Well done, Bucs general manager Mark Dominik. Congratulations, Bryan and Joel, and, OK, we'll throw in Ed Glazer, too. You've hired your football guy, Greg Schiano.
Great job, fellas, bold, risky, all that.
Now: Leave him alone.
Stay out of his way, except when he needs something. Then go and get it for him.
This is Schiano's deal, not yours. How Dominik survived the recent purge is a mystery until you realize how much he sold the Glazers' idea when it came to the nonsensical notion that you can construct a football team entirely of draft picks, youth and more youth, the very formula that helped sink Raheem Morris.
And this coaching change won't mean anything unless there is a re-commitment on the part of ownership to do anything, everything, to make this franchise a winner.
This team has holes everywhere.
Let the head coach and his men fill them as he sees fit.
I don't know how independent a streak Schiano will have in him, having never been a head coach in the NFL. At his first news conference, Schiano sounded like he was in line with the Glazers' and Dominik's ideas about team building: defense, running the ball, the draft, all of it.
"In college football, it's recruit and develop," Schiano said. "In pro football, it's draft and develop. That's the way I think it goes. You draft great players and you get them here and you develop them and they get better and better and better."
If he is take charge, and he knows what he wants, he should have a major say in shopping for the groceries – that's the way it should be, that's the way it has to be.
Dominik has been hit and miss. For Adrian Clayborn, who made a splash, there is Gerald McCoy, who can't stay on the field. He re-signed Davin Joseph and Donald Penn. He also re-signed Michael Clayton. And Derrick Ward blew up and Quincy Black looks like a disaster.
Time for a new lead voice.
The coach has to be just that.
The Glazers need to step up, too. You've watched the Bucs, you've seen the holes.
All the answers aren't in the draft. They lie in free agency, and a bump in spending.
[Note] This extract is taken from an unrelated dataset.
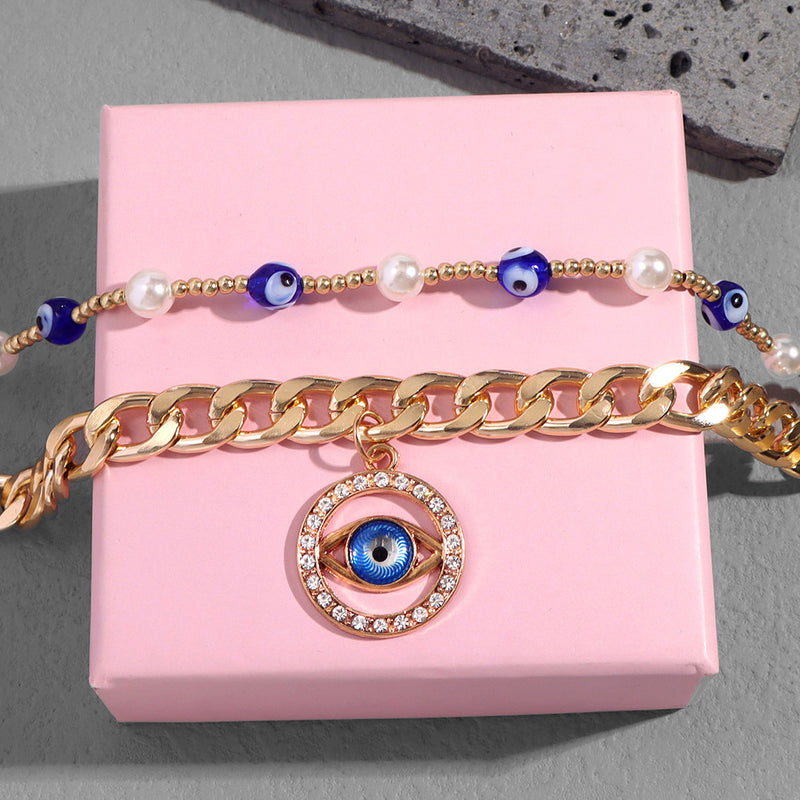 Accessories Pearl Necklace Round Diamond Pendant Cuban Chain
"We are going to spend whatever it takes to win, to put the best team on the field," Joel Glazer has said.
Go and do it, then.
Coaching change doesn't matter if there aren't changes in thinking up top.
There's a new man in town, and he needs all the help he can get. Sometimes, that means letting him do his job. Sometimes it means giving him the tools for his job.
If he wants an older team, let him have one. If he wants a better team, let him shop for one. If he has some new ideas, let him try them.
Schiano was a man in control at Rutgers, all about details, though he resists the title of micro-manager. But here's a guy who personally presided over the remaking of the Rutgers logo, poring over all kinds of examples before settling on a signature block R.
"We reduced it down to one logo so we could build a brand," Schiano said.
It's time to build one here.
You can't overstate what one coach can do. Look at Jim Harbaugh in San Francisco. It's not like it required an overhaul, but his word was the word out there.
So it should be here.
Give the new man everything he needs to rebuild the Bucs brand – freedom, resources, anything.
The Glazers and Mark Dominik picked him.
This is their guy. Now, let him be himself.